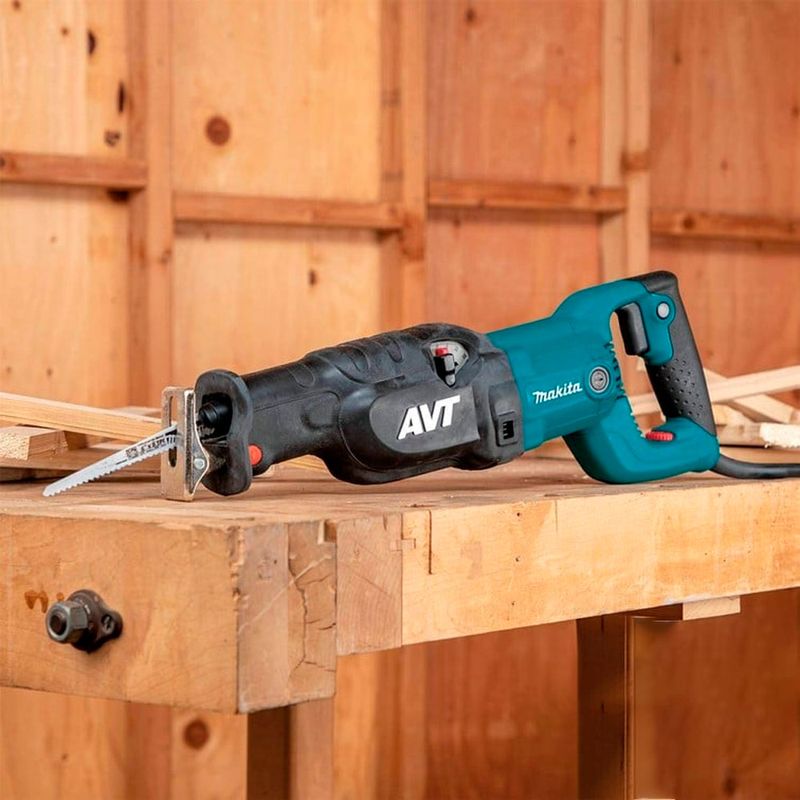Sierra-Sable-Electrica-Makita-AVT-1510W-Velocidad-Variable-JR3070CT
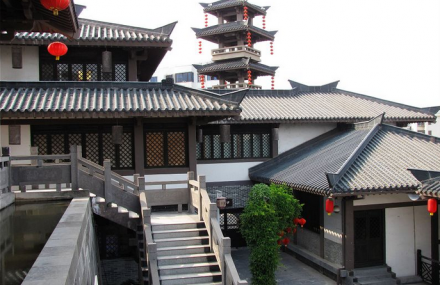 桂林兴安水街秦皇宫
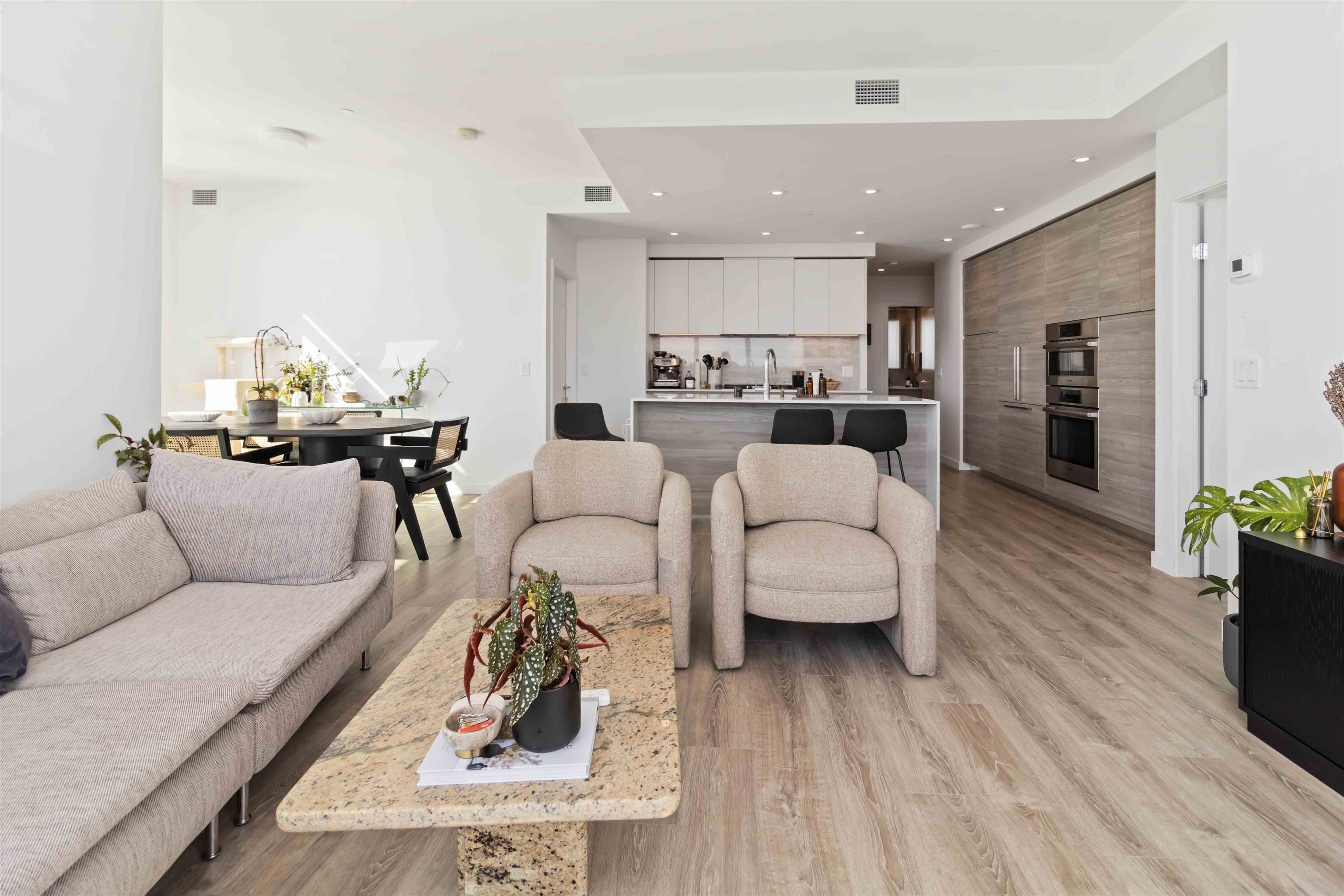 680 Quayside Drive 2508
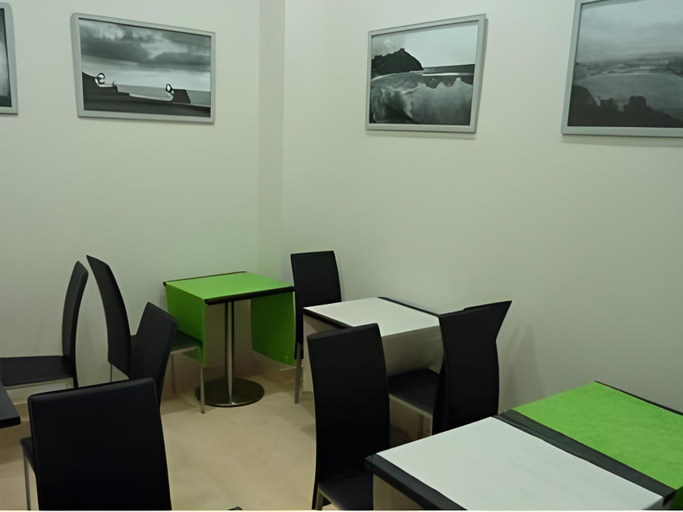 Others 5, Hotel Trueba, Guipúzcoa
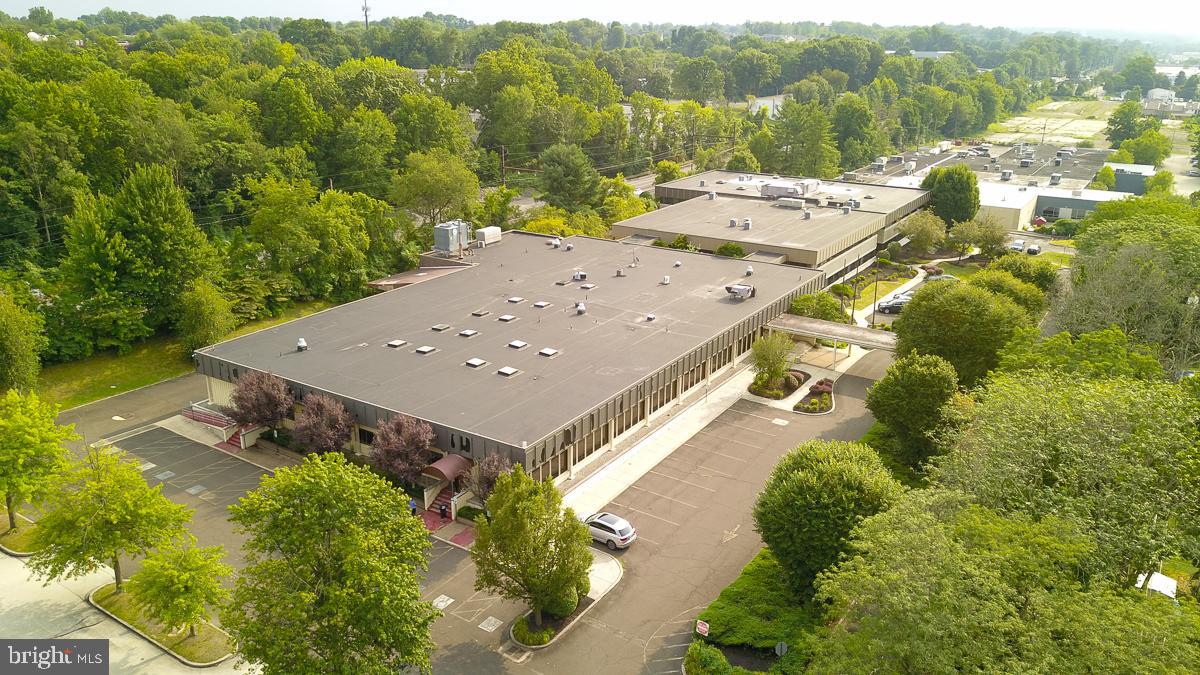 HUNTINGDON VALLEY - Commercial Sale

— Task brief —
The required output is the line containing "680 Quayside Drive 2508" plus every line after it to the end of the data, copied exactly and with no pictures.

— Task result —
 680 Quayside Drive 2508
 Others 5, Hotel Trueba, Guipúzcoa
 HUNTINGDON VALLEY - Commercial Sale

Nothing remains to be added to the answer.